To manage a behavioral change, we need to consider the local discourse on Climate Change and the need to change behavior. Some context are more skeptic than others and any policy and action aiming towards sustainable mobility need to take account to the local discourse. How does your local discourse look like?

A conversation with Dr. Avit Brohmvik, Karlstad University on the need of sustainable mobility

We have literally lived the hottest September (2023) of entire human civilisation history this year, which was 1.8C warmer than the pre-industrial baseline. This was coupled with several recurring and unprecedented #extremeevents worldwide with record-breaking #LossAndDamage. Should we be worrying? How bad it really is? We had this conversation with Avit Bhowmik, an internationally engaged scholar on climate change issues. Is it really that a big problem? Yes, Bhomvik answered, we should be panicking.

The social aspects of transportation

The ability to move from one place to another is a prerequisite for our existence and well-being. In densely populated cities free land to produce food is scarce and water is not clean. Without transportation we have no social relations: we meet our neighbors and friends on the street when we exit our home or when we travel to their homes. Without transportation there is no economy: people and products must meet each other. Finally without transportation there is also no health: doctors and patients must also be able to reach each other

Sustainable mobility policies

Sustainable mobility policies try to make more use of natural sources of power. The most eco-friendly source of power is human energy. Nature has the ability to vanish the side-effects of producing energy through human bodies, but it cannot absorb the by-products of using machines to produce the necessary energy to move from one place to another.  Walking and cycling undoubtedly lie at the hearth of sustainable mobility policies because if we use our body there is no limit of movement, because there is no impact on the environment.

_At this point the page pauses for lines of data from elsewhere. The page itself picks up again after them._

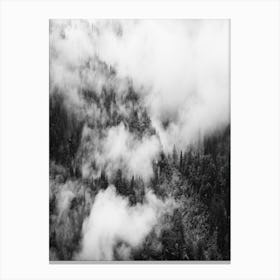 Black And White Cloudy Forest Canvas Print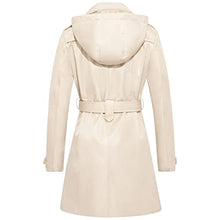 Load image into Gallery viewer, FARVALUE Women's Waterproof Trench Coat Double Breasted Windbreaker Classic Belted Lapel Overcoat with Removable Hood Beige Medium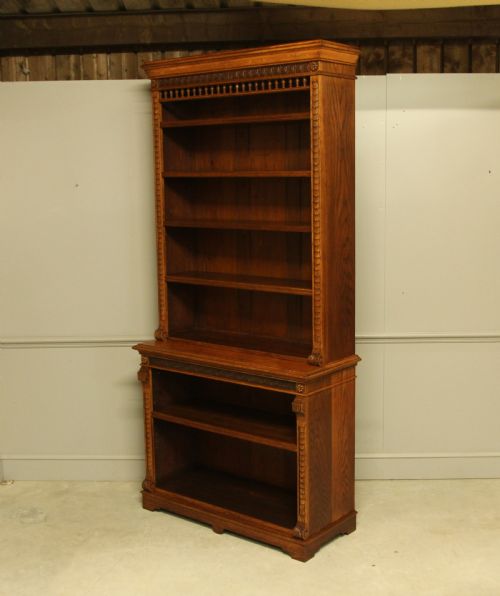 fig 1. A VICTORIAN AESTHETIC OAK OPEN BOOKCASE.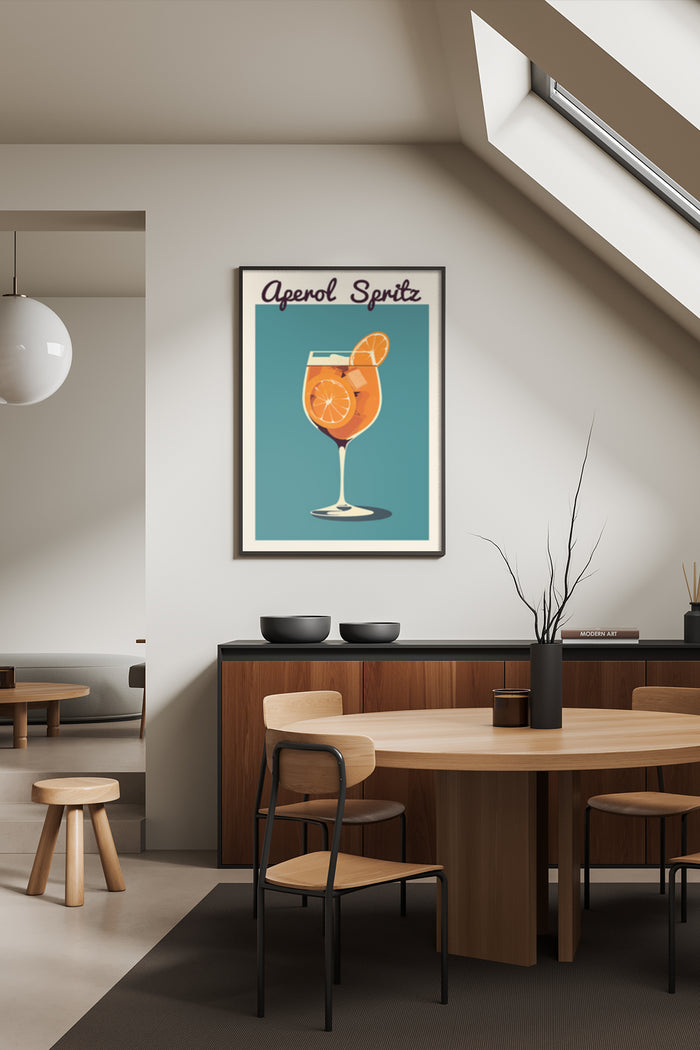 Aperol Spritz Cocktail Poster in a Stylish Modern Interior Setting
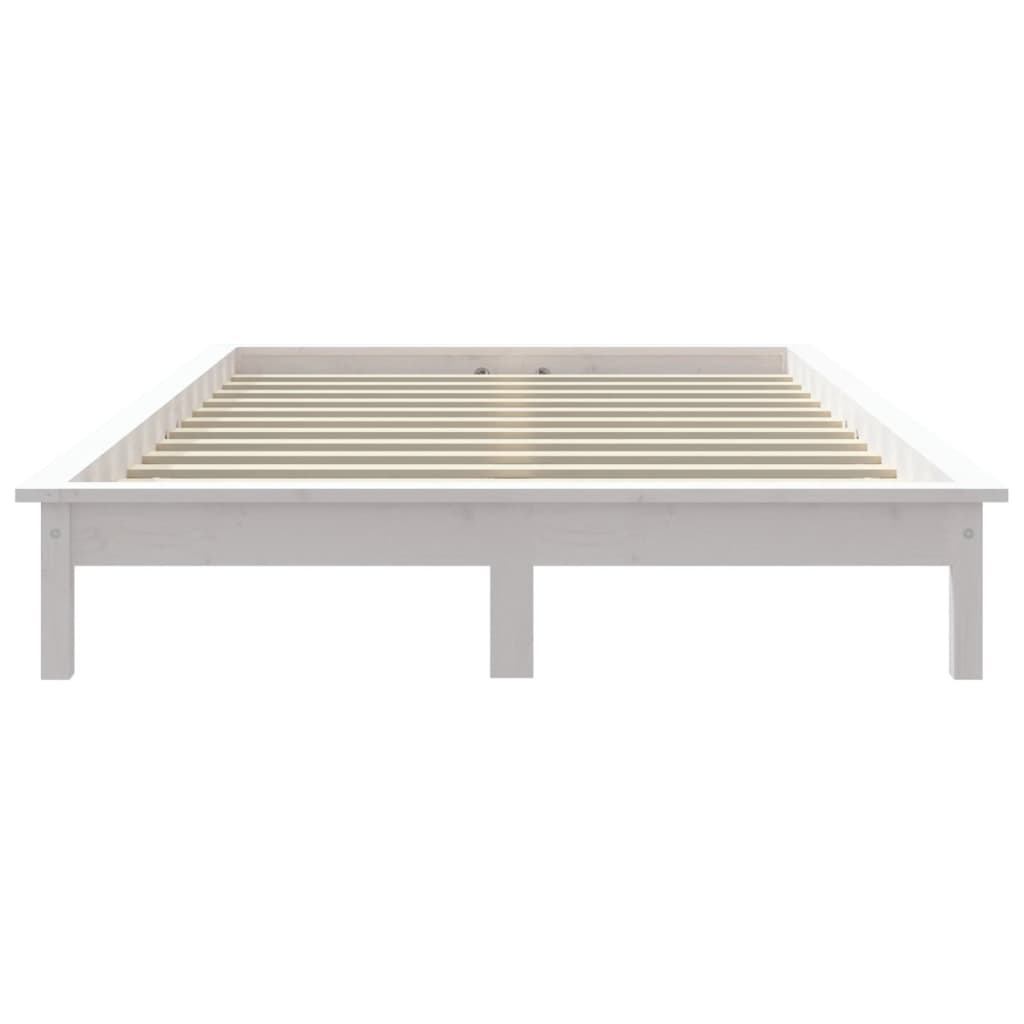 vidaXL Cadru de pat fără saltea, alb, 140x190 cm, lemn masiv de pin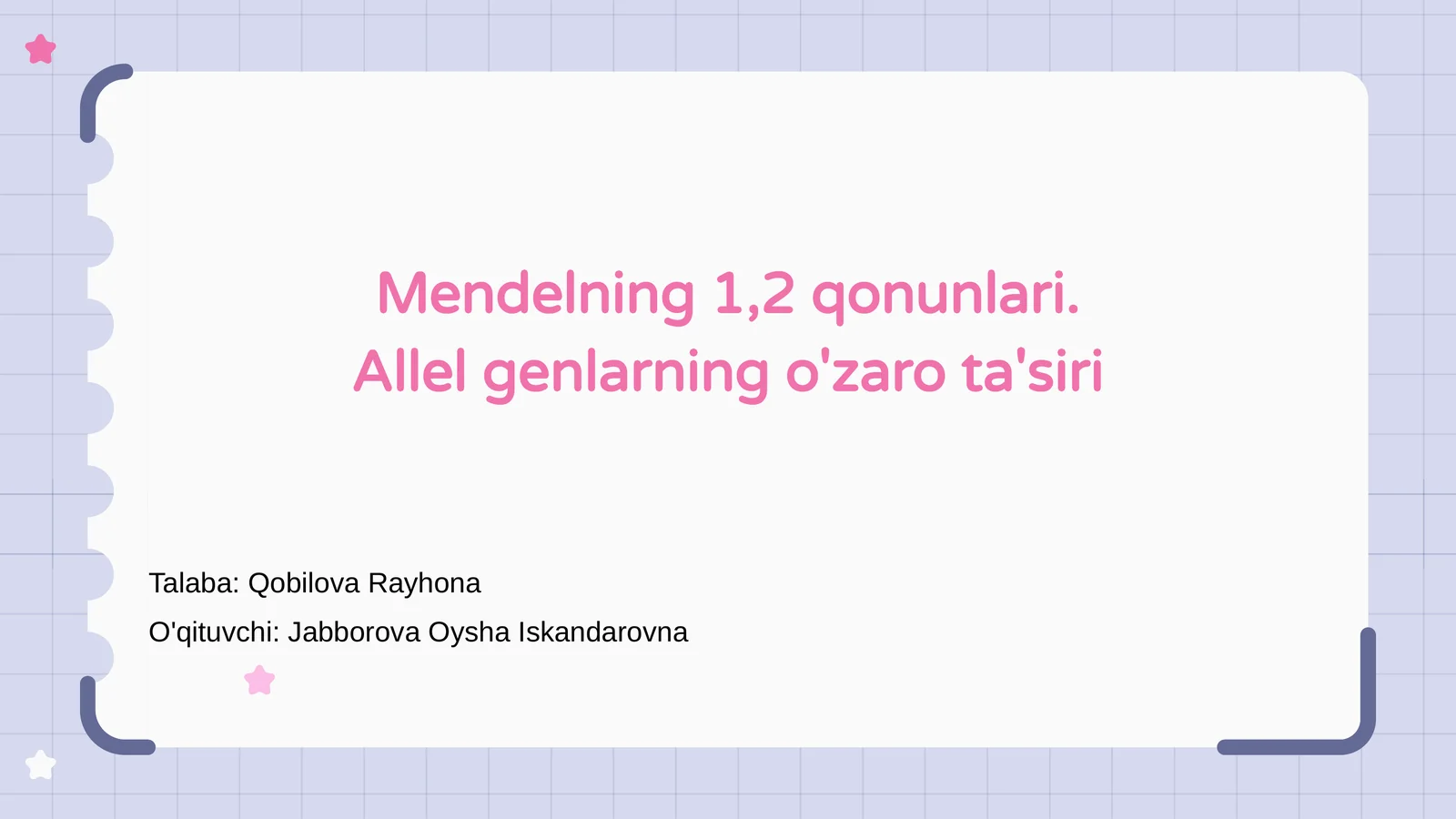 Mendelning 1,2 qonunlari. Allel genlarning o'zaro ta'siri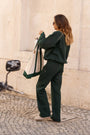 organic cotton trackpants in dark green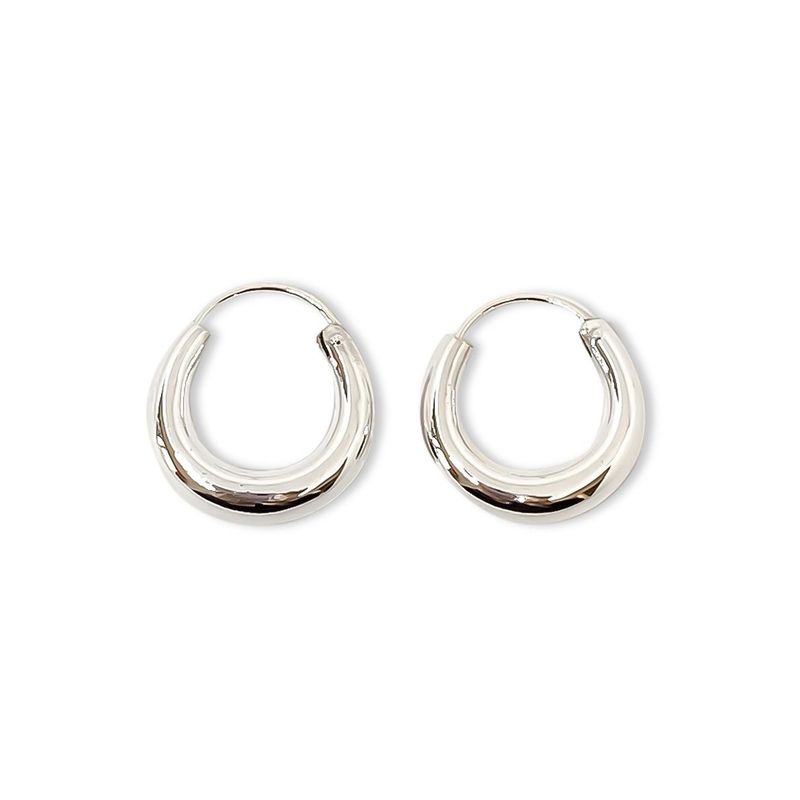 ANDREA COGGIOLA JOYAS - Aros Argollas Bote Mediano 20mm Plata Fina 925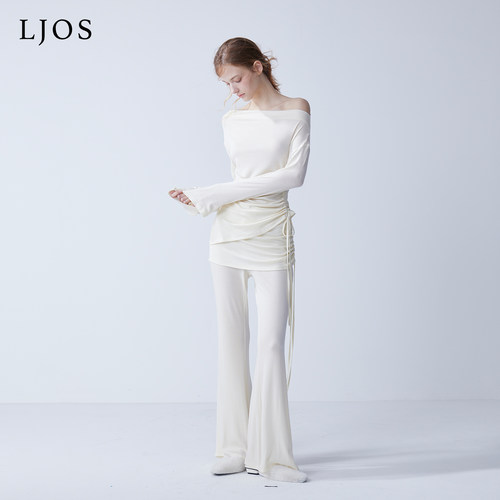 LJOS｜乳白色兰精天丝羊毛抽绳上衣抽绳裙裤套装2025早秋两件套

Besides the positive effect of walking and cycling, sustainable mobility policies are also about stimulating human contact. Car use led to the transformation of modern cities which altered significantly our way of living. Cars transformation social relations of the cities: residents in the big cities stopped to visit their local stores and groceries, stopped to visit their neighbors to learn local news communicating face to face with people they know, instead they use their car to shop at faceless supermarkets. A lonely crowd can easily be manipulated by a political elite. Nowadays, the raise of internet and smartphone use and the fear of virus infection has even more stimulated human-less contact. People who do not know their local social and physical environment are uneducated people with no local identity, uninterested on local affairs and easily influenced by extremists. Human contact lies at the heart of democracy.

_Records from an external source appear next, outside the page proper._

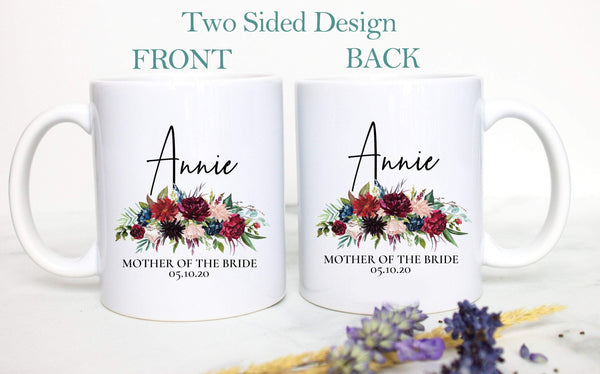 Burgundy Fall Winter Floral Mother of the Groom Custom Name With Date - White Ceramic Mug - Inkpot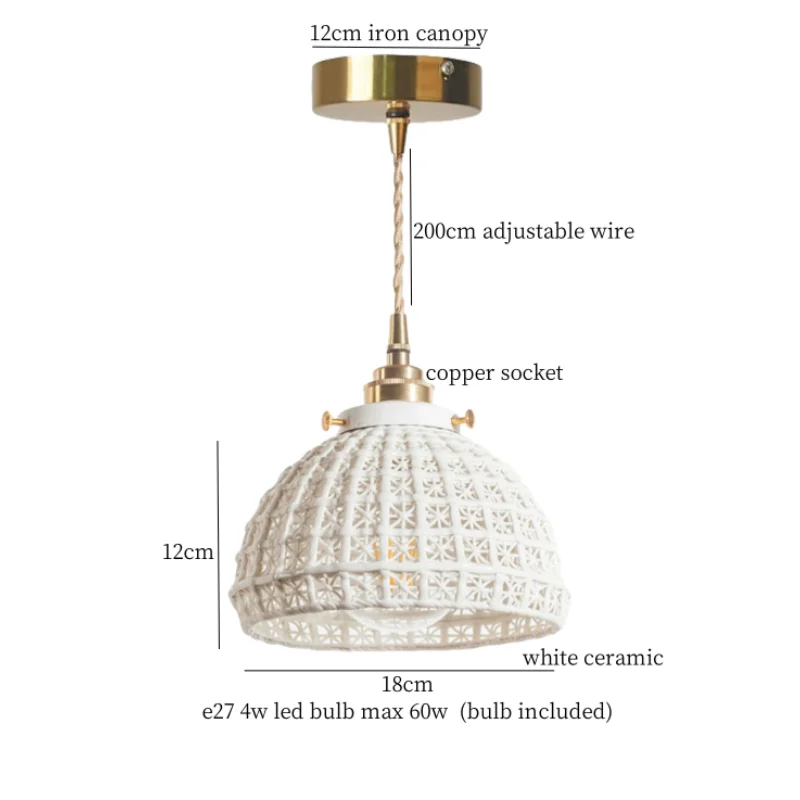 Afralia™ French Minimalism Ceramic LED Pendant Light for Home Decor
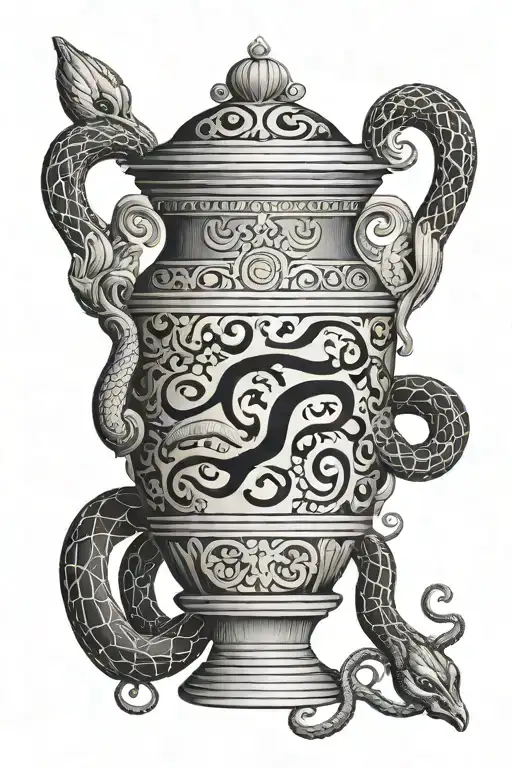 Greek vase with mythological details surrounded by snakes tattoo design idea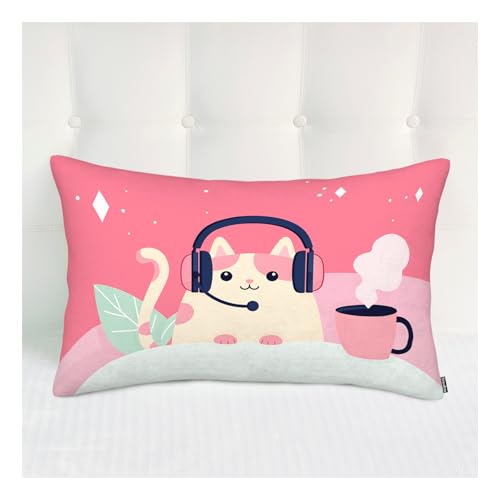 Siwehtu Couch Throw Pillows Cat Rectangle 20x30 Inches Decor Accent Pillows Cover for Picnic Cute Cat Pink Coffee Wear Headphones Pillow Cases Cushion Cover for Sofa Bedroom Hotel Home Kitchen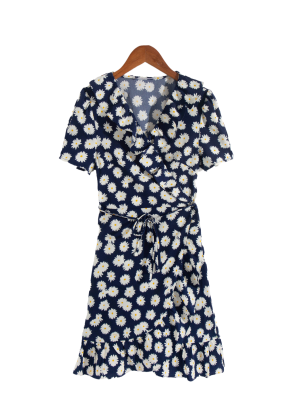 Women's Sleeve Daisy Printed Wrap Dress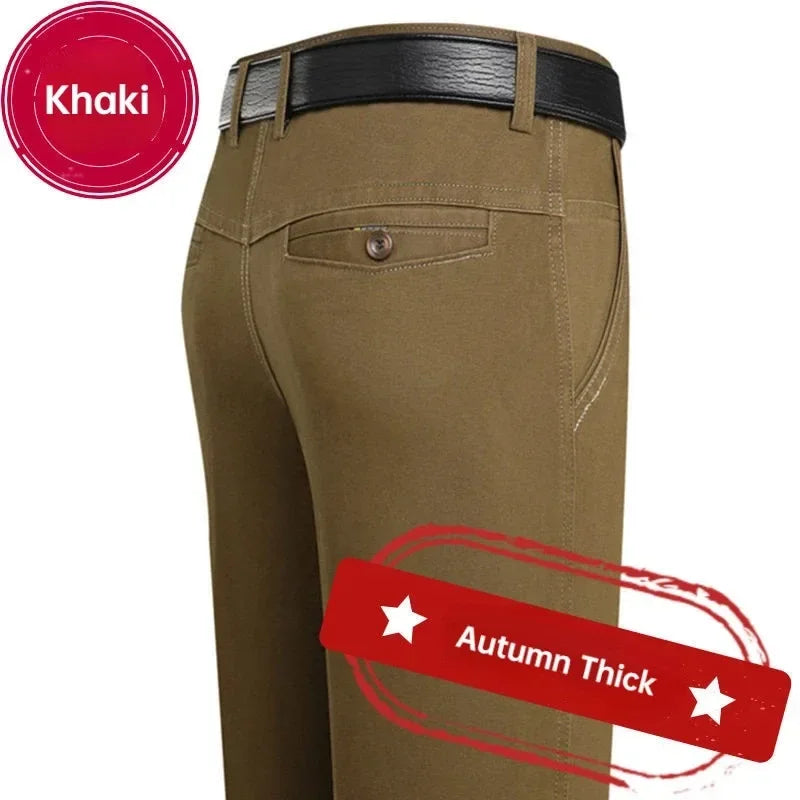 Mens 100% Cotton Summer Thin Autumn Thick Trousers Fashion Brand Cargo Pants Smart Casual Solid Khaki Black Suit Pant GOZBKF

On the other side of the spectrum, mobility based on walking and cycling is a not a far-reaching mobility. Local neighborhood stores which cannot offer cheaper products than big supermarkets but they can offer quality and locality can flourish if mobility is based on short-distance trips. Urban planners are trying to divide huge car-oriented cities again to 15 minutes-walking units with local autonomy reinventing the traditional social sense of neighborhoods which got gradually lost due to extensive car use. This urban model is called “15 minutes cities”.

Conclusively, sustainable mobility is not only about protecting the planet, but mainly to reshape car-oriented contactless cities into social, active, human communities.


Please reflect in relation to your context:

One way to argue on the need of sustainable mobility measures is to relate these activities toward other types of benefits. To what extent is this possible in your context?

A conversation with Dr. Konstantinos Athanassopoulos, University of Athens on the social aspects of sustainable mobility

We often think rather narrowly on climate change adaptation and the need of fossil-free transportation. In this conversation we take a broader stance and discuss potential positive social aspects that may come out of more bicycling.

The assumption in that sustainable mobility may transform our social interactions and ultimately our societies.